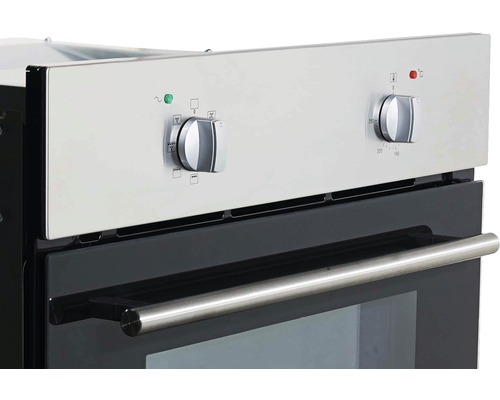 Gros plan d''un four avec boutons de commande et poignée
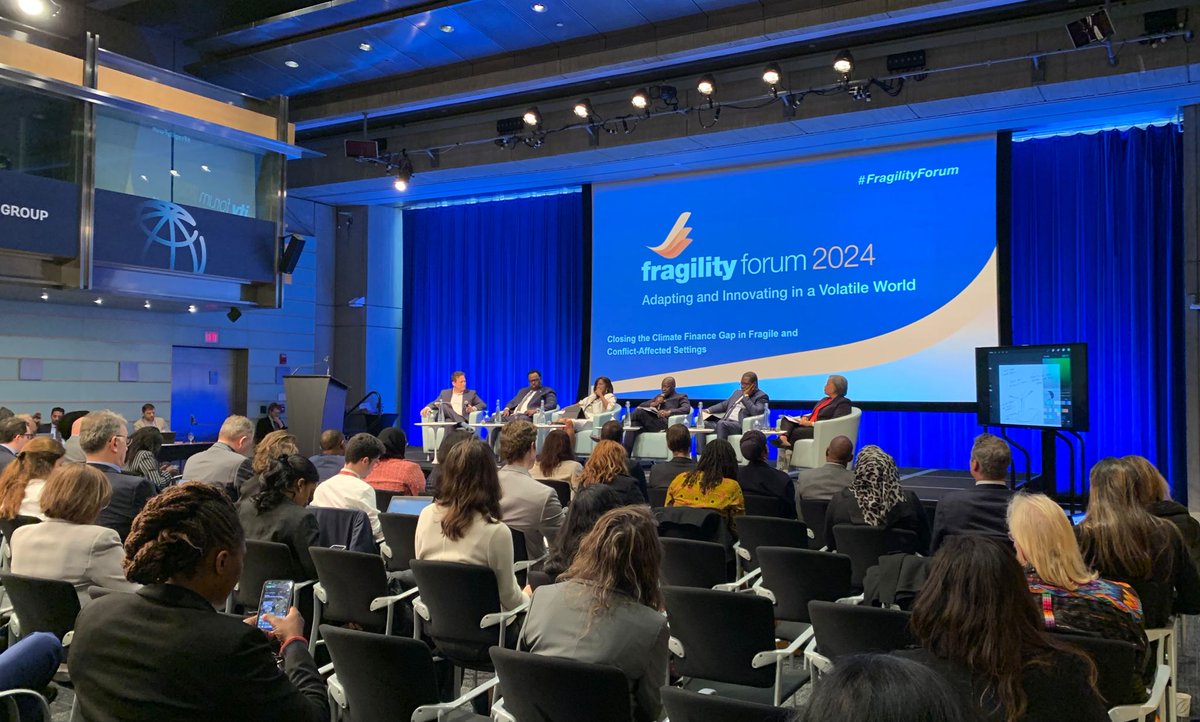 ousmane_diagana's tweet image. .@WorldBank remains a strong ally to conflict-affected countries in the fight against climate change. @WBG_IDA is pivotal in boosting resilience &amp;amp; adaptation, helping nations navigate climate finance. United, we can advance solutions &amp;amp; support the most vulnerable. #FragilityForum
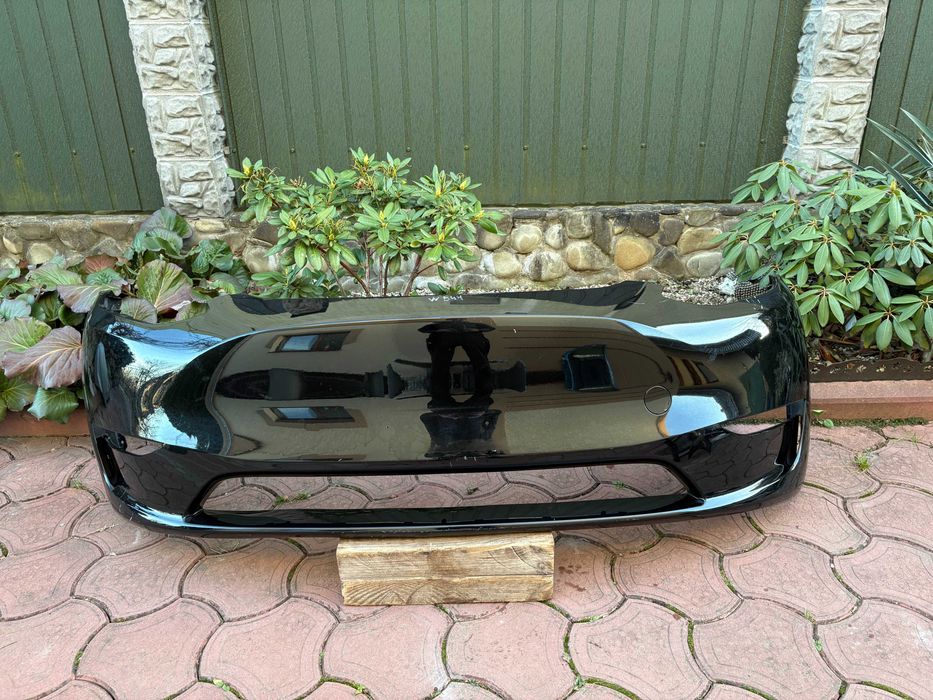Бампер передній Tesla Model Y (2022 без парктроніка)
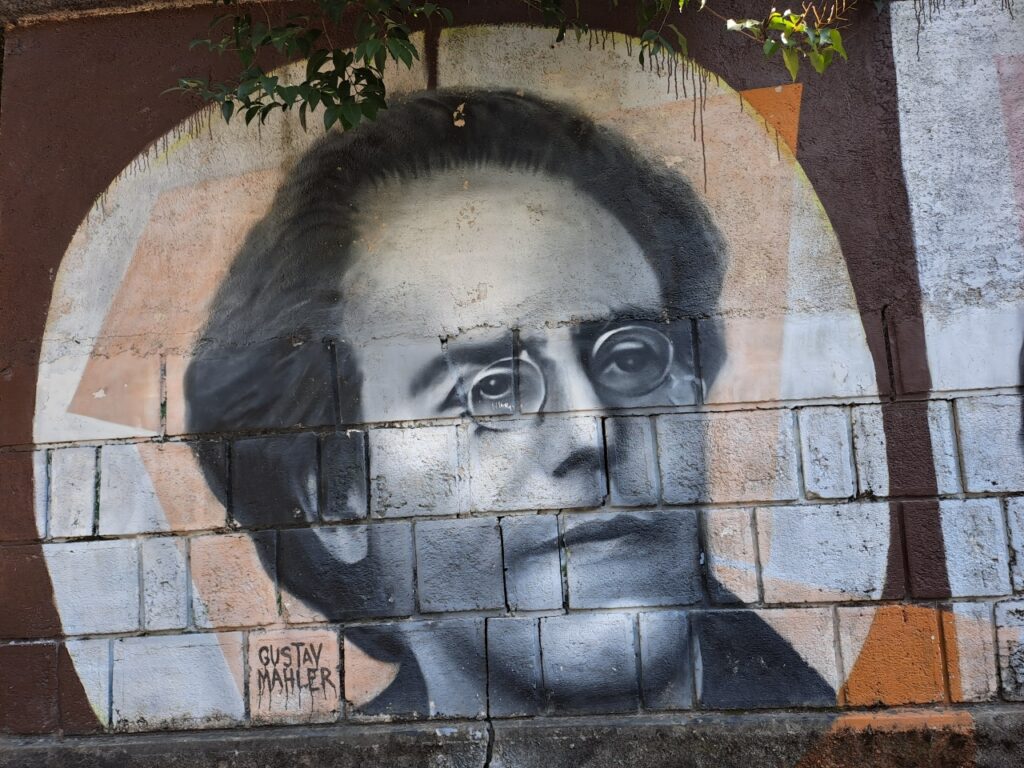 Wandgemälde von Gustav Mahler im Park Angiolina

+-------+

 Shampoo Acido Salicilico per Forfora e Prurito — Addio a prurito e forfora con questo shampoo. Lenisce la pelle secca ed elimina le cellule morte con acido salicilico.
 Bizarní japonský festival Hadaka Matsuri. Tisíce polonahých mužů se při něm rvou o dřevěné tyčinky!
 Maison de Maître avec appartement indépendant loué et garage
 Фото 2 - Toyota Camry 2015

+-------+

**TASK TO CARRY OUT**
Everything starting at the line containing "Maison de Maître" and ending at the line containing "Фото 2 - Toyota Camry 2015" in the records above should be repeated exactly, and only that.

**OUTPUT FOR THIS EXERCISE**
 Maison de Maître avec appartement indépendant loué et garage
 Фото 2 - Toyota Camry 2015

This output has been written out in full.